[Start of section]
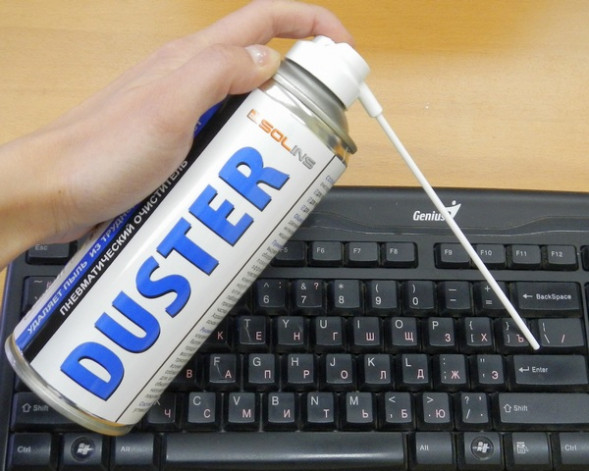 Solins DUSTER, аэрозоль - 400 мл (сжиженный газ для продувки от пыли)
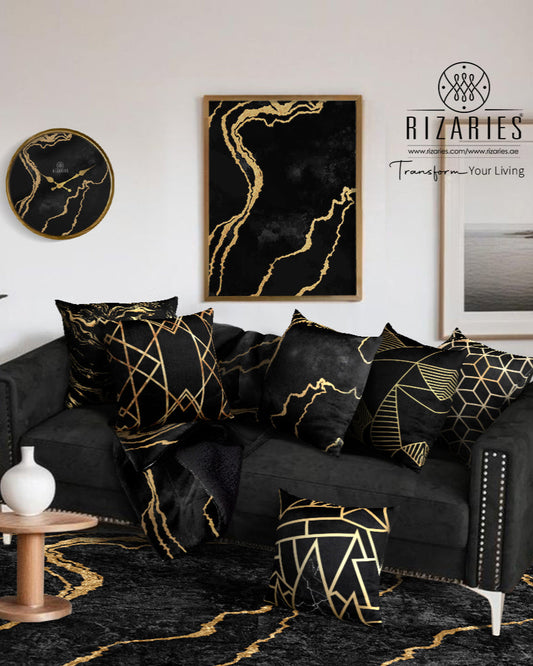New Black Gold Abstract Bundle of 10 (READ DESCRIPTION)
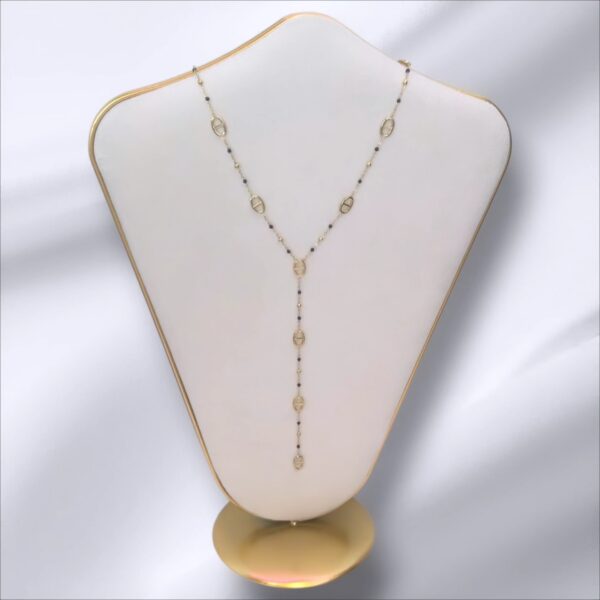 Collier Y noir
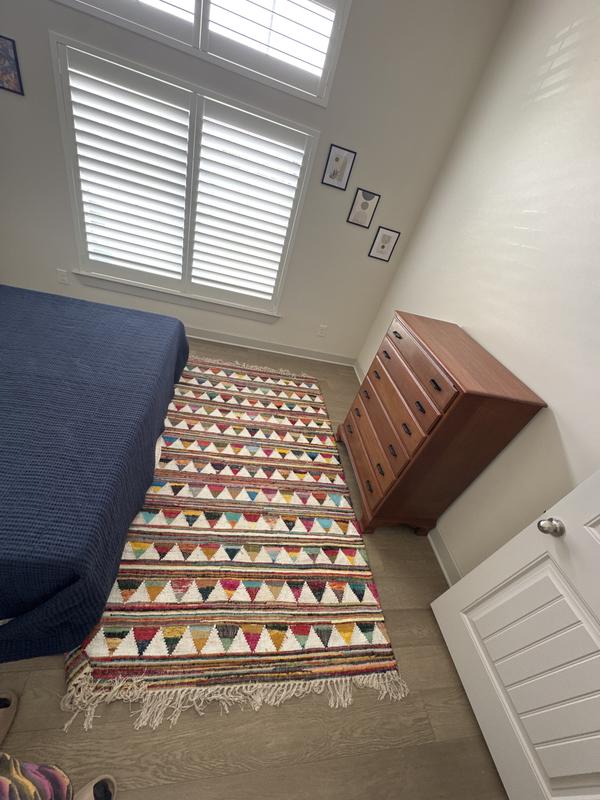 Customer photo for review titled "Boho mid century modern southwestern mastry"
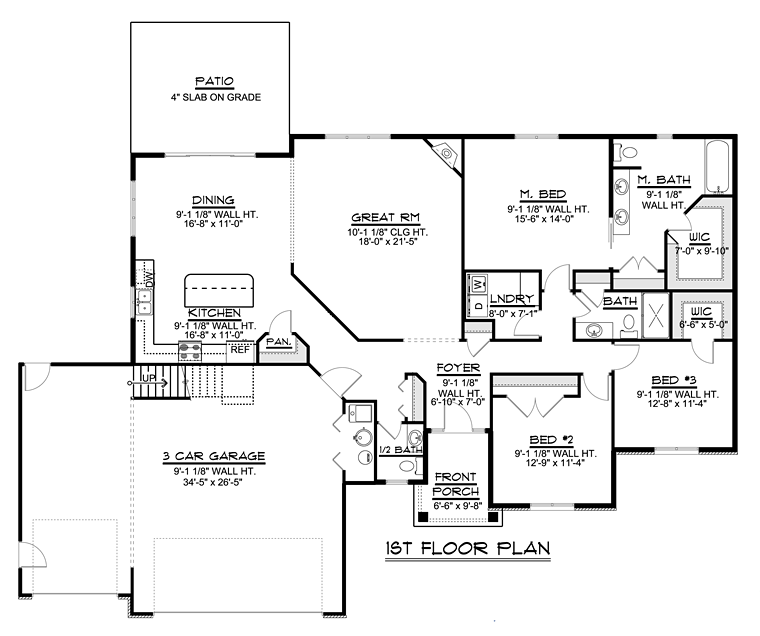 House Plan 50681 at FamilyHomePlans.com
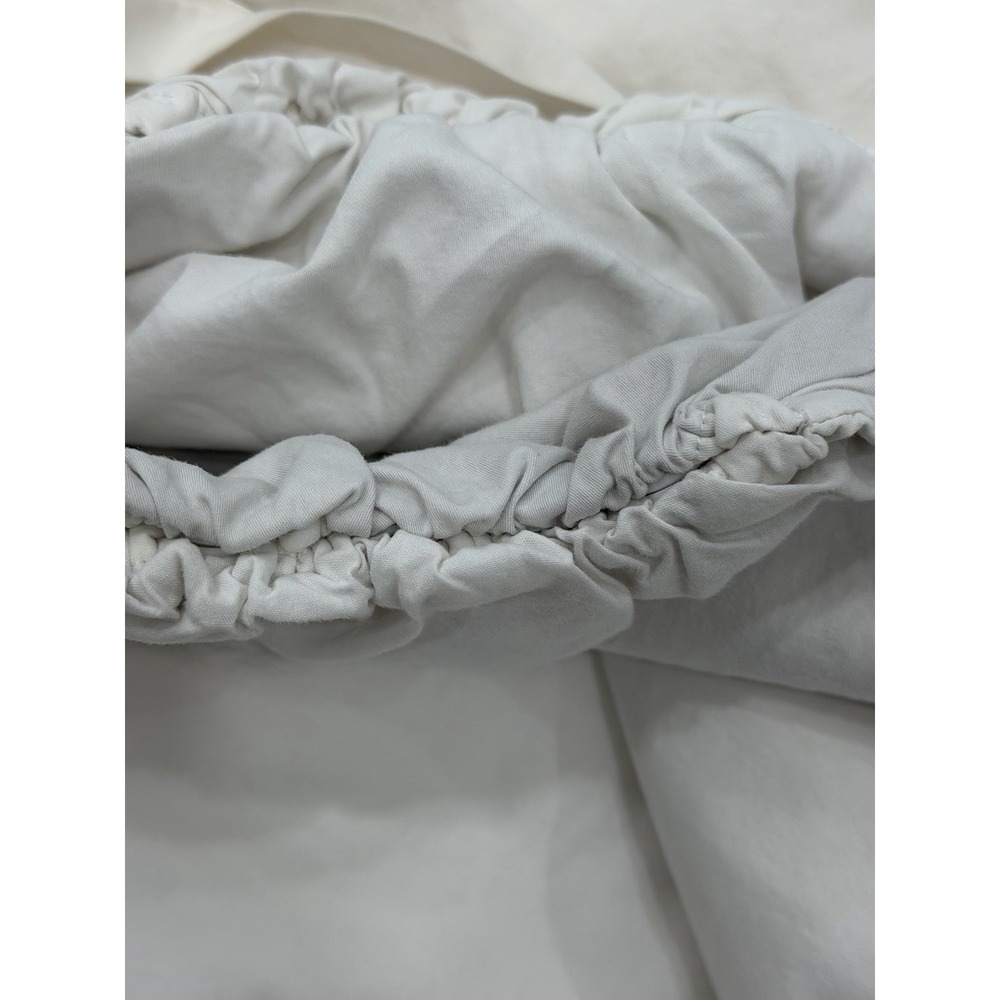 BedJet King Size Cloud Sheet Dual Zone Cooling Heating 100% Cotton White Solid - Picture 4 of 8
[End of section]
[Start of section]
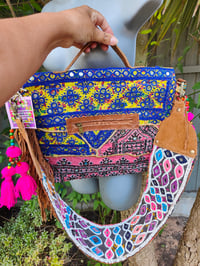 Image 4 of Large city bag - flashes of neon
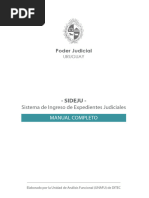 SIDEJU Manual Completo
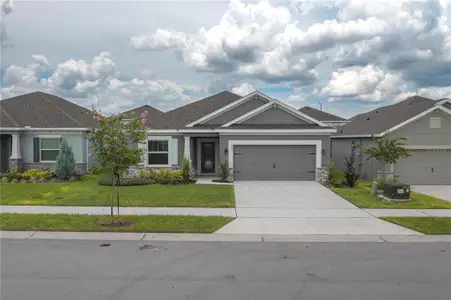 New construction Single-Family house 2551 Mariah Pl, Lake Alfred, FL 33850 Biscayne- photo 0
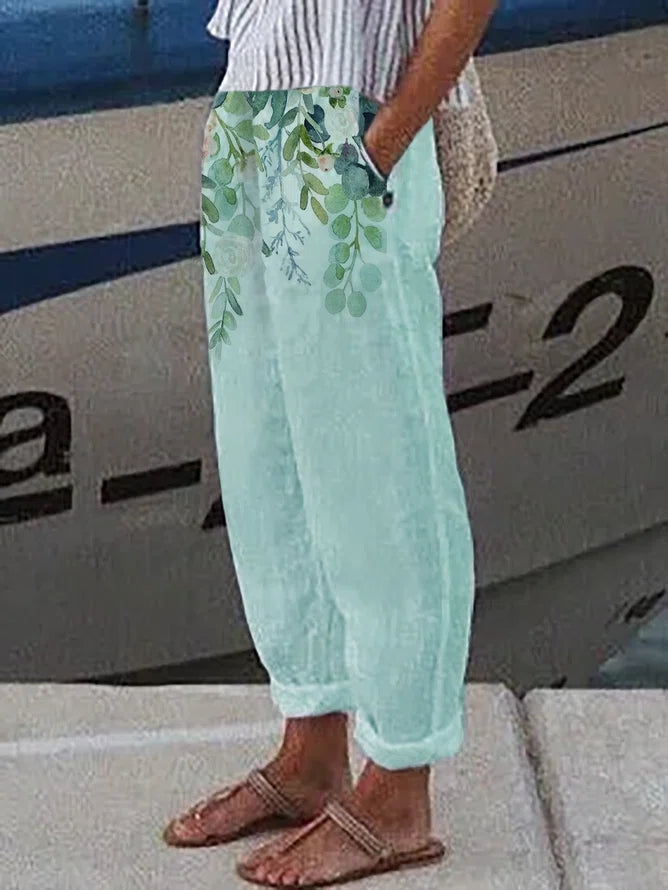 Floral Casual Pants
[End of section]
WORK TASK >>
Return only the part above that opens with the line containing "House Plan 50681 at FamilyHomePlans.com" and closes with the line containing "BedJet King Size", exactly and with both ends, skipping the pictures.

ANSWER BOX >>
 House Plan 50681 at FamilyHomePlans.com
 BedJet King Size Cloud Sheet Dual Zone Cooling Heating 100% Cotton White Solid - Picture 4 of 8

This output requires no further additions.